Areas that are deemed less desirable are likely to experience slower growth. However, they are usually be found at lower price points which is attractive for investors wishing to purchase a large number of units or properties.
Although the UK property market overall provides robust returns with potential for capital appreciation, different areas of the country can perform in different ways. By investing diversely, it is far easier to keep making profits. For example, RW Invest property investment specialists offer properties in cities like Liverpool and Manchester which have seen a constant stream of both new businesses, a wealth of established independents and a strong tenant demand, providing a stable income in a prosperous market. This would potentially balance out losses that may be experienced in London as the capital has recently experienced a decline in the property market.
Diversity in a property portfolio is one of the most secure ways to heighten your chances of success. The property welcomes slight instability, but not to the extent it will become dramatically detrimental. It is important to carry out relevant due diligence to ensure you are never out of pocket or dipping into your profits to keep a current investment afloat.
REITs (real estate investment trusts) have been popular in the global market. It is a highly liquid method that allows easy exit to investors. The lower risk helps investors gain higher income and exposure in the real estate market. REITs are companies that finance or own real estate. It’s no secret; the domestic property market is rising again and if you aren’t fully convinced about the growth of your local real estate, it is an attractive investment vehicle which can be used to target national and global real estate opportunities. Some companies offer more stability and higher returns just like how the housing market has always been.
Real estate crowdfunding is a new concept and it is gaining popularity worldwide. A large number of investors are looking to diversify their property portfolio with reliable and stable assets.
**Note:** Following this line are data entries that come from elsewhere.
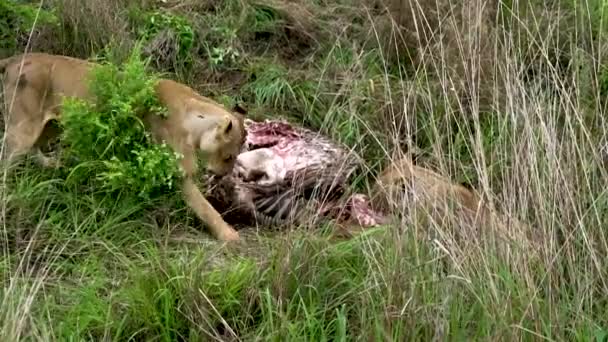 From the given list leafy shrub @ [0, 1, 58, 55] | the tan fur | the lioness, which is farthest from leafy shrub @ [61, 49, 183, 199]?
the tan fur

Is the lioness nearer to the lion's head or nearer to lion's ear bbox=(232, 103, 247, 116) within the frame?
the lion's head

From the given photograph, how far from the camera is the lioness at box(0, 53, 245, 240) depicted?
5.07 meters

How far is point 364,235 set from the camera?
423 cm

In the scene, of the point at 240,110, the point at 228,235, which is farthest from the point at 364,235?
the point at 240,110

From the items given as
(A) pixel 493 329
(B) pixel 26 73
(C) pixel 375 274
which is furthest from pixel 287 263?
(B) pixel 26 73

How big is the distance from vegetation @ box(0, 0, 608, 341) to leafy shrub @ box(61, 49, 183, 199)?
0.01 meters

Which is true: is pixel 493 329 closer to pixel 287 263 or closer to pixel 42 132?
pixel 287 263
Real estate crowdfunding allows you to diversify your property portfolio, as it lets you invest directly in assets that were previously limited to institutions. Now you can directly invest in stable tangible assets. This trend will continue to grow, but in the real estate space, it is important to move your hard-earned money to the right place. Most of the crowdfunding platforms are backed by tech companies, so you must do your research in order to choose the deals that are operating in a transparent environment and are backed by experienced professionals.
If an individual wants to diversify his property portfolio, the commercial real estate can be a good idea to start with. Unlike REITs and other unpredictable assets from the public market where stock prices rule the pricing structure, this type of real estate investment is comparatively safe. The holding period for this real estate investment is somewhere between two to five years, but it is actually safe from the unpredictability and volatility the public market faces.
Fix up and resell can also be a good strategy if you are an expert. The expertise you need here is the hardest part of the learning curve, but if you are able to make it through the process, there’s a good chance you can earn higher returns on your investment. Look for houses that are available at a lower price. You can easily find properties that need a little renovation. The tricky part here is that you must know what you’re buying and how much you’ll need to spend to bring the property back in a good shape.
If you’re able to do that, renovate the unit and sell it faster. The risk of flipping is that if you wait for a long time, you will make less money because, at the same time, you will be investing your time and money without bringing any extra income from the investment.
Make this year yours by restructuring your real estate portfolio. Consider how you can diversify your property portfolio and try new ideas in the constantly evolving real estate markets.